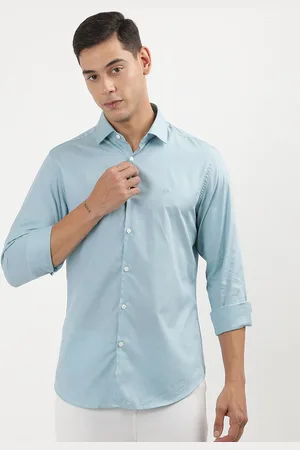 Calvin Klein Men Solid Slim Fit Opaque Casual Shirt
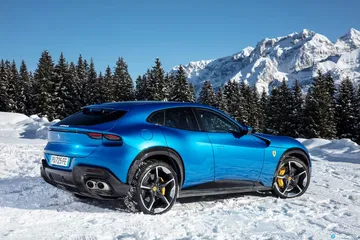 Vista lateral del Ferrari Purosangue, destacando su línea deportiva y exclusiva.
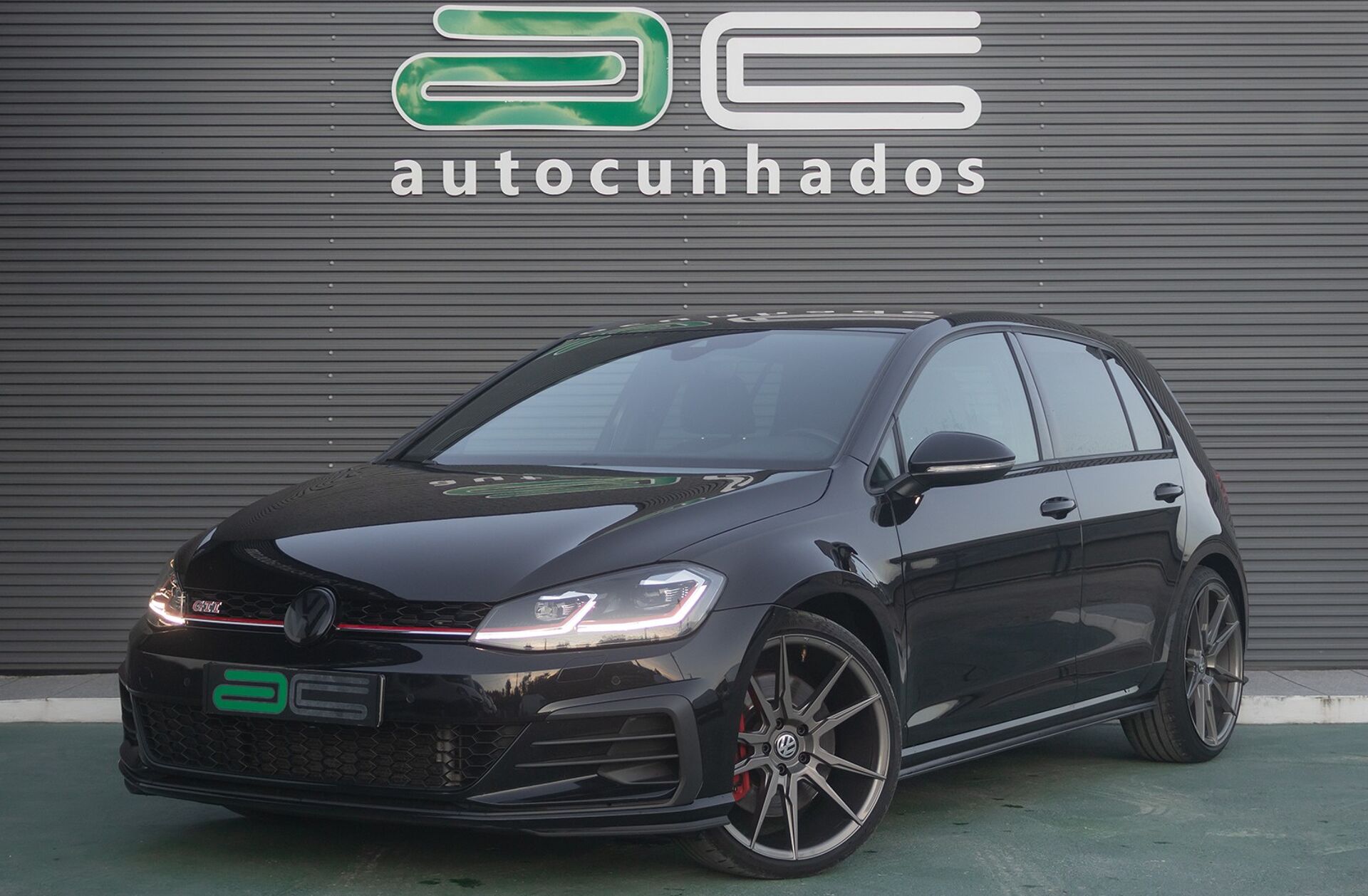 VOLKSWAGEN Golf 2.0 TSI GTI DSG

Instructions to follow -
An exact, picture-free copy of the listing above is the goal; write it out now.

Exercise result -
 Calvin Klein Men Solid Slim Fit Opaque Casual Shirt
 Vista lateral del Ferrari Purosangue, destacando su línea deportiva y exclusiva.
 VOLKSWAGEN Golf 2.0 TSI GTI DSG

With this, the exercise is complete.